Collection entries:
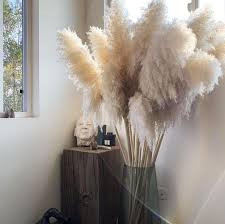 Dried Pampas Grass Reeds Plumes 140 Cm Decorative Feathers Etsy Trending Decor Pampas Grass Decor Grass Decor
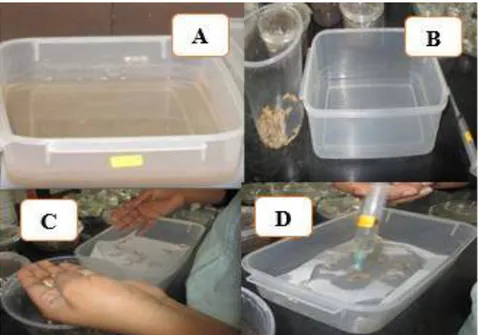 Figura  6.  Multiplicación  de  nematodos  entomopatógenos  sobre  larvas  del  último  instar  de  Galleria  mellonella:  A)  Solución  de  nematodos  entomopatógenos  B)  material  estéril,  C)  conteo  de  larvas  y  D)  Inoculación de la solución de lo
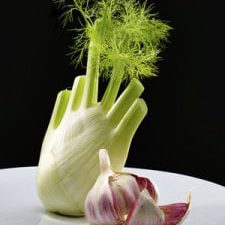 Fennel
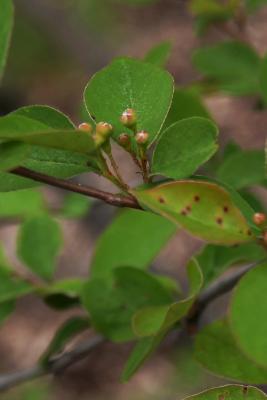 Cotoneaster multiflorus var. calocarpus (Showy Cotoneaster), bud, flower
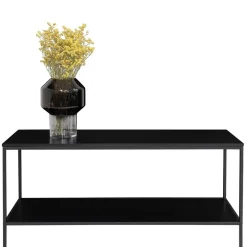 100x45x36 cm Regal TV Tisch in Schwarz - Mapsy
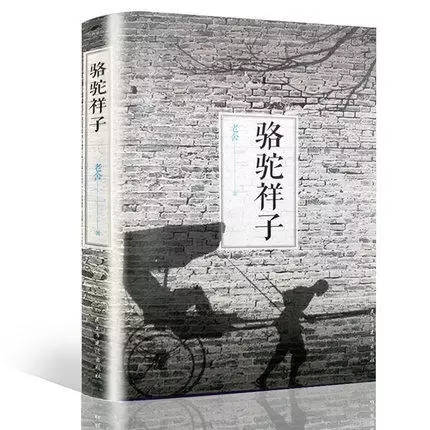 骆驼祥子第五章好词好句（好句好段加赏析）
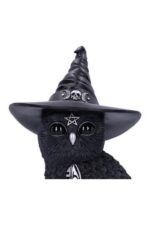Nemesis Now - Cult Cuties - Figurine Owlocen - 30cm – Image 4
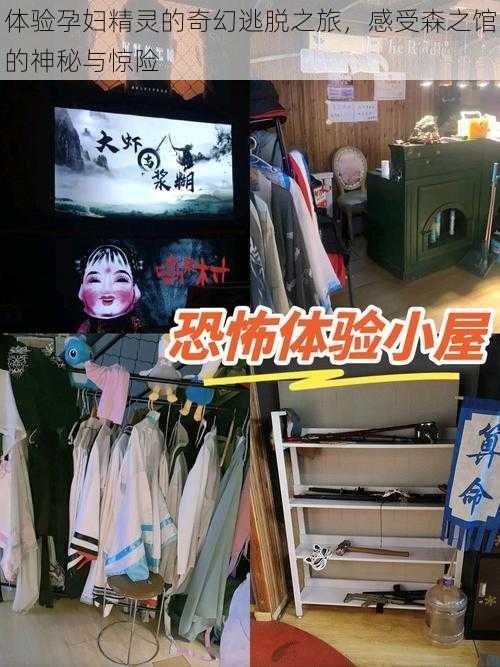 体验孕妇精灵的奇幻逃脱之旅,感受森之馆的神秘与惊险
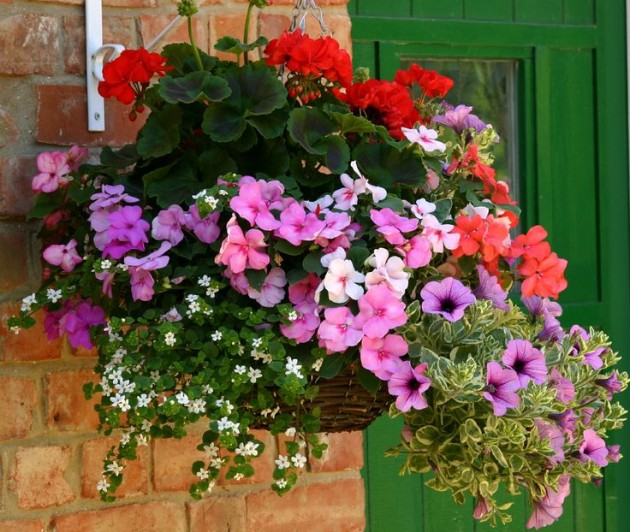 Flowers To Plant In Spring Summer Time
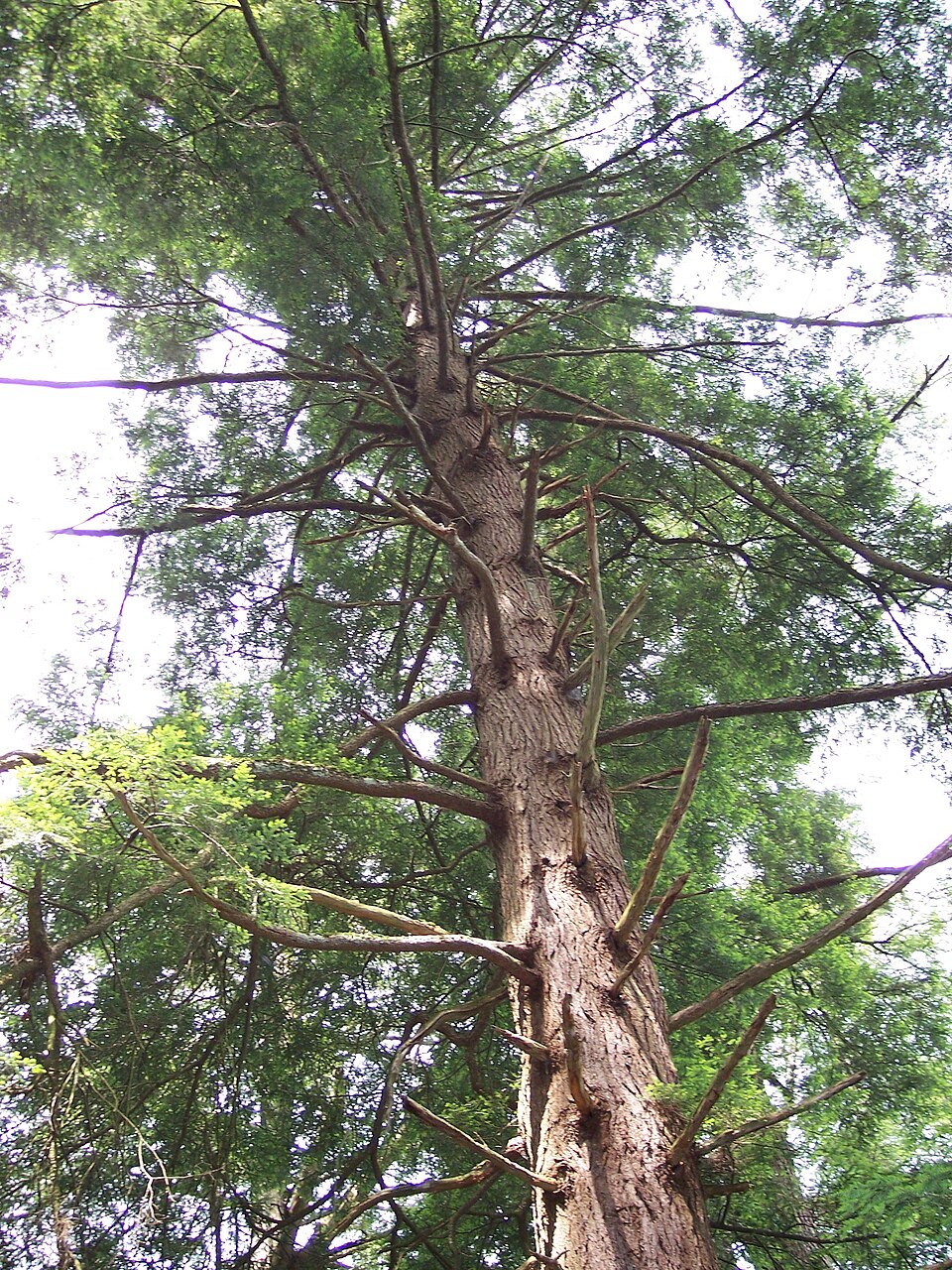 Tsuga canadensis (eastern hemlock) (alternate view 6)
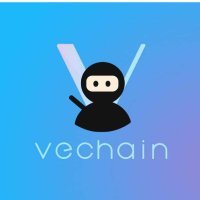 Vechain Ninja Ⓥ (@vechainninja) 's Twitter Profile Photo Vechain Ninja Ⓥ (@vechainninja) 's Twitter Profile Photo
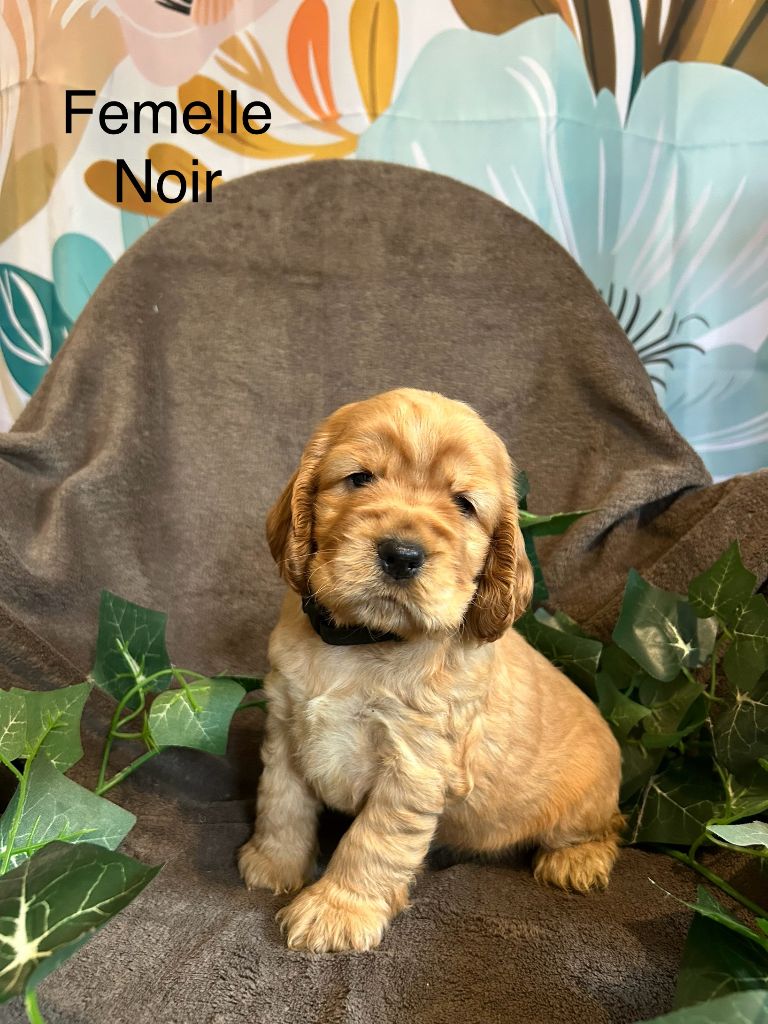 Du Chemin Du Marais Calme - Chiots disponibles - Cocker Spaniel Anglais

• ASSIGNED TASK: Return the records word for word, leaving every picture out of the copy.

• EXERCISE RESPONSE:
 Dried Pampas Grass Reeds Plumes 140 Cm Decorative Feathers Etsy Trending Decor Pampas Grass Decor Grass Decor
 Figura  6.  Multiplicación  de  nematodos  entomopatógenos  sobre  larvas  del  último  instar  de  Galleria  mellonella:  A)  Solución  de  nematodos  entomopatógenos  B)  material  estéril,  C)  conteo  de  larvas  y  D)  Inoculación de la solución de lo
 Fennel
 Cotoneaster multiflorus var. calocarpus (Showy Cotoneaster), bud, flower
 100x45x36 cm Regal TV Tisch in Schwarz - Mapsy
 骆驼祥子第五章好词好句（好句好段加赏析）
Nemesis Now - Cult Cuties - Figurine Owlocen - 30cm – Image 4
 体验孕妇精灵的奇幻逃脱之旅,感受森之馆的神秘与惊险
 Flowers To Plant In Spring Summer Time
 Tsuga canadensis (eastern hemlock) (alternate view 6)
 Vechain Ninja Ⓥ (@vechainninja) 's Twitter Profile Photo Vechain Ninja Ⓥ (@vechainninja) 's Twitter Profile Photo
 Du Chemin Du Marais Calme - Chiots disponibles - Cocker Spaniel Anglais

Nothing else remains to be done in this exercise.